Five Stars for the Dot-Com Revival
SAN FRANCISCO-Call it the Grand Summit of the Internet Digerati. Or a geekfest worthy of Star Trek. The Web 2.0 conference, held last month in San Francisco, is an annual gathering of those hardy souls in Silicon Valley and beyond who are still convinced the dot-com era has legs. This second generation of Internet business is more interactive and user-generated-social networking, video sharing, wikis, and blogs.
Web dreamers know there's money to be made online again: MySpace and YouTube, America's two most popular Web 2.0 companies, recently sold for a combined $2 billion plus to Rupert Murdoch's News Corp. and Google, respectively. Yahoo!, Google, and eBay seem hungry for more. And venture capitalists are busy priming the pump, pouring $455 million into Web-based start-ups in the first three quarters of this year, over twice as much as in all of 2005.
What's going to be the next MySpace? At Web 2.0, U.S. News found five Internet companies poised to hit the big time:
Vox. An attempt to bring blogging to the masses, Vox is a Web refuge for those intimidated by the prospect of jumping into the ring with MySpace's 127 million users. Created by Six Apart, a small blogging-tools outfit based in San Francisco, the Vox service enables users to create their own private blogs-allowing them to control which parts of their sites they want their "friends" and "family" to see-complete with photo- and video-sharing features.
The inspiration for Vox came two years ago, when MySpace was beginning to draw huge numbers of visitors.

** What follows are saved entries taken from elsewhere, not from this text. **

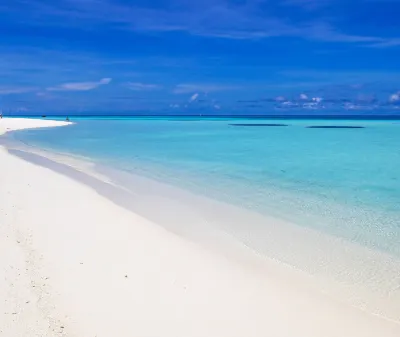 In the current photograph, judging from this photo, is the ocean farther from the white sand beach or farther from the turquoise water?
the white sand beach

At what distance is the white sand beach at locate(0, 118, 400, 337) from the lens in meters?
4.21

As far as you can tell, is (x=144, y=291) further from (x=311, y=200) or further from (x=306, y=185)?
(x=306, y=185)

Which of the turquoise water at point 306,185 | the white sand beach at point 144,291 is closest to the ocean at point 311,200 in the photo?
the turquoise water at point 306,185

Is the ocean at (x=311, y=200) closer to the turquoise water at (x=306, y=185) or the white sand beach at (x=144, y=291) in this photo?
the turquoise water at (x=306, y=185)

Mena Trott and her husband, Ben, who cofounded Six Apart in 2002, felt the price of entry had gotten too high for would-be bloggers. "Trolls" left nasty comments on public sites; sharing photos with the world could be embarrassing. "Not everybody wants to be famous," says Mena Trott. "We thought, 'People will not want to be as public as they are now.'"
By creating a more private blogging space on the Web-where users can post pictures of their kids, say, knowing only relatives will see them-Vox seems to have tapped into a silent majority of sorts. In June, the site had 150 subscribers. By October, that number had jumped to 85,000-with most of those users between the ages of 25 and 45. Rupert, are you listening?
Ning. If Vox hopes to take blogging to the masses, Ning, which went live last year, is hoping to do the same for social networking. Backed by Netscape cofounder Marc Andreessen, the site allows users to build their own small social networking sites, complete with customizable, easy-to-design pages that include all the tools available on sites like YouTube, Flickr, and MySpace. Ning is already home to everything from a 24-7 video channel for classic hip-hop to a social network for motocross enthusiasts.
Cyworld. If nothing else, this South Korea-based mash-up of social networking, music- and video-sharing, and blogging is a reminder that the American Internet market isn't the only show around. According to Hyun-Oh Yoo, CEO of SK Communications, which owns Cyworld, the site now has 20 million users in South Korea, 40 percent of the country's population. Some 96 percent of 20-to-29-year-olds use the site "regularly," he says. And with 100,000 daily video uploads, Cyworld has more traffic than YouTube.